Can you give an example?

There is a certain old-school appeal in just being able to use the filesystem as a key-value store with no restrictions on what bytes can appear in the key. But it's spoiled a bit by the prohibition of NUL and / characters, and trivially you can adapt such code to base64-encode the key into a sanitized filename. It may look a bit uglier, but if only application-specific programs and the OS access the files anyway, that does not matter.

If you are truly concerned about portability, then work on the problem which arises because Microsoft Windows [FAT and NTFS] allows a filename consisting of a US customary calendar date, i.e. "03/25/09" as an eight-character filename.
It's also possible for an iso9660 CD-ROM to have filenames containing the / character, or at least, I possess such a disc. This shows that in general there is a need for Linux to sanitize filenames coming from alien filesystems.


to post comments

Wheeler: Fixing Unix/Linux/POSIX Filenames

Posted Mar 25, 2009 17:46 UTC (Wed) by nix (subscriber, #2304) [Link] (9 responses)

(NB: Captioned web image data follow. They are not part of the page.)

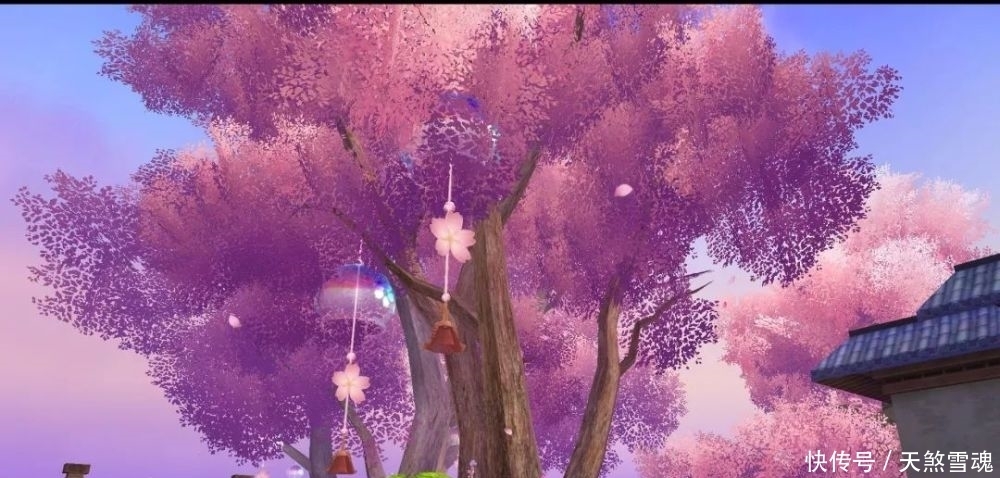 秀场|江湖秀场｜院中独坐，闲看庭前落花
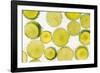 Lime Fresh-Steve Gadomski-Framed Photographic Print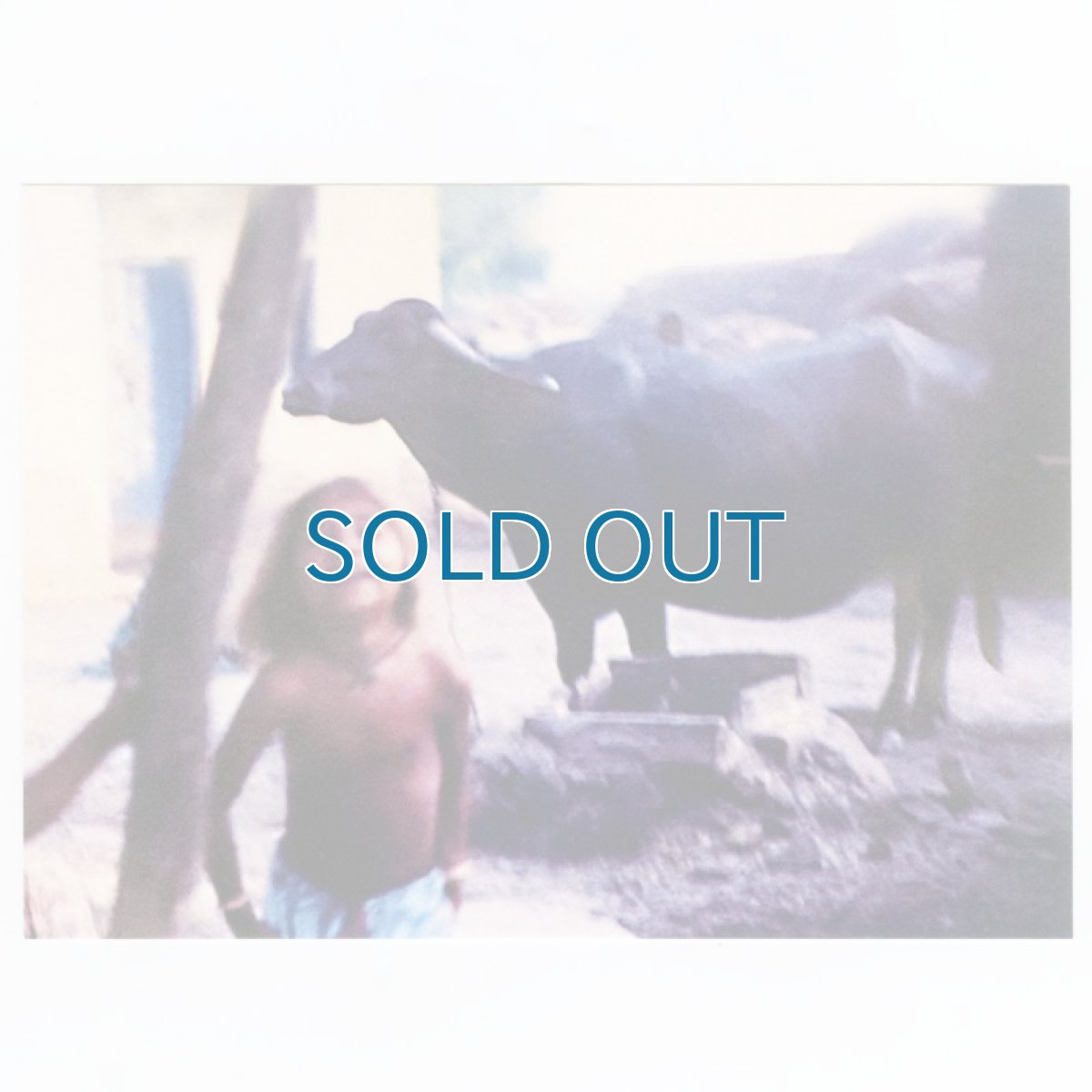 画像3: Leatherface / Minx [UK Reissue LP | Red Disk | Still in Shrink] [12inch | Call Of The Void]【ユーズド】 (3)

I use the filename as a key-value store for a system (not yet released) which implements an object model of sorts in the shell (inspired by shoop but not derived from it). dot-prepended names are used to signify private fields, and dash-prepended ones, *specifically because they are so hard to use* and thus unlikely to be desirable field names, are used by the inside of the object model as field metadata: e.g. '-creator-blah' is the ID of the object that triggered creation of field 'blah'.

(I could equally use a directory full of stuff here, but it too would need a name that's hard to type. I pondered a \n-prepended filename because it's even harder to trip over by mistake, but decided that it would look too odd in directory listings of object directories when debugging. There's no danger of user code interpreting these names as options, because user code accesses files in this directory only via a shell-function API.)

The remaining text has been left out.